My Grapefruit Tree, All Grown Up

I trimmed the branches that were growing downward last week. It’s amazing what a difference that made. And I only lost two grapefruits. As you can see from the photo, the fruit is nice and yellow. A few of them are beginning to take on that nice pinkish hue. I wonder if there’s enough sugar in the state of Arizona to get me through those first few.
I am very proud to say that the tree survived in my care. I can’t wait to see what it does over the next couple years. As for the lemon tree, it’s more difficult to decide what to trim as there is no definitive trunk. But again I’ll give it time. And keep watering them. Maybe I’ll get more than one lemon next year. Here’s to a plant-safe winter.

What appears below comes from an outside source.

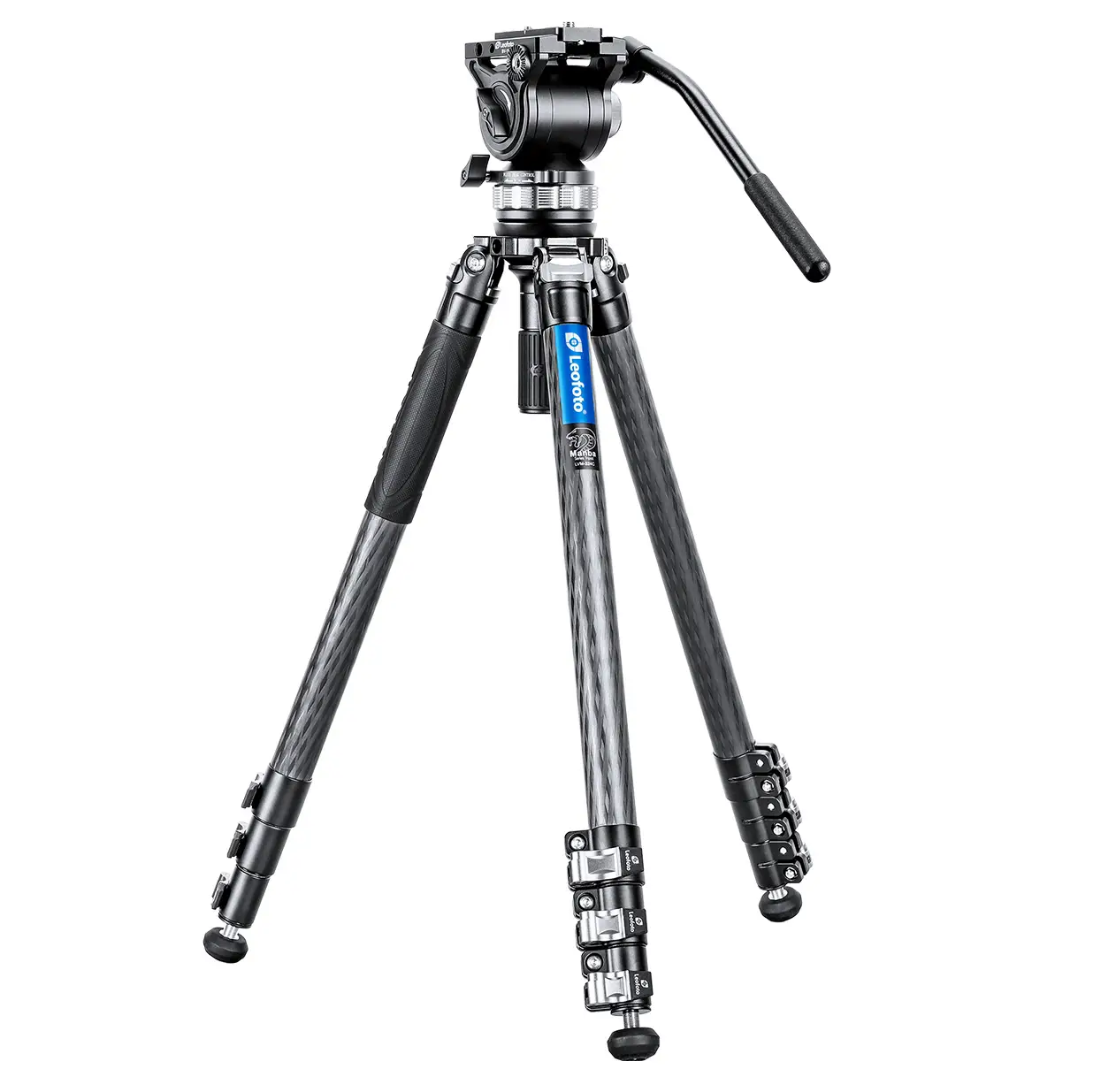 Leofoto LVM-324C Manba Karbon Stativ mit integrierter Nivellierung + BV-15 Fluid-Neiger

My house faces north. I have a window on the east wall of the kitchen and a window on the west wall of the kitchen. My view from either window is blocked by the respective neighbor’s houses. Around dinnertime, I walked into the kitchen and felt excited and then confused. The room was illuminated as it is in the morning: the a light and brightness coming in from the east side of the room. I thought, “Hooray, it’s still early! I still have several more hours of the day!” Then logic kicked in and I realized it was dusk. I figured the sunlight was bouncing off some clouds off to the east and popped outside to check it out. I got to the driveway and immediately felt humbled by the giant white puffs overhead. They were the kind that make you feel tiny and intimidated but at the same time so close to them you might be able to touch them. Everything around me was bright white; the sidewalk, the street, the neighbor’s houses; an air of newness about them. I casually turned to look toward the sun and caught my breath. It was low in the sky and an unnatural red. The effect was amplified by the cool blue sky and serene clouds one normally sees over an ocean. The sun seemed so angry, and it felt to me to be without reason. This setting made absolutely no sense at all to me logically but my heart was absolutely amazed. I felt like I was caught in the middle of an epic conversation I was never meant to hear, a delectable treat. I wish I took a photo of it, but I was positively rooted to the concrete. As the sun sunk in the sky, it glowed a hot pink and lined all the clouds that hid it in white.

I love my driveway.

The Nut House

My friend Hannah invited my sons and I to her house for dinner on Sunday night. We tried to get together a few times in the months prior but we finally got our acts together this week. She has a son around my son’s age and we have lots to talk about. I promised to bring ice cream cones.
GPS is very helpful but it doesn’t tell you what to look for, landmarks, etc. Doesn’t tell you what color a house is or that there may be a giant pot hole after the speed bump that you didn’t see coming. Maybe part of it is the user, but every time I drive to a place I’ve never been to, I inevitably make a u-turn. After I navigated my way around the roundabout, we passed five or six houses with fences and front yards. As the GPS narrator was saying, “Your destination is on your right”, we were parking in front of a brown house with a friendly yellow door. A sign hung next to the door which read, “The Nut House”. I figured this was it. It takes me a while to park close enough to the curb. After we parked and made our way up the sidewalk and stairs, I could hear Hannah laughing in the backyard. For some reason I am terrified that I’ll go to the wrong house by accident and the owners will be angry with me for doing so. But upon hearing the mirth from the backyard, I knew we were where we were supposed to be. I knocked, forgetting our hostess’s instructions to just try the door or let ourselves in to the gate. Hannah came round the side of the house, smiling, still wearing her apron from cooking dinner. She pulled the rock that was keeping the gate shut to the side and let us into her backyard. She introduced herself to the boys and we went around the house. Hannah has a few plants that are beginning to grow through and over and around the chain link fence. I love that look. As we made our way to the backyard, I noticed plants growing all over the place. Hannah has a nice patio off the sliding glass door of her home.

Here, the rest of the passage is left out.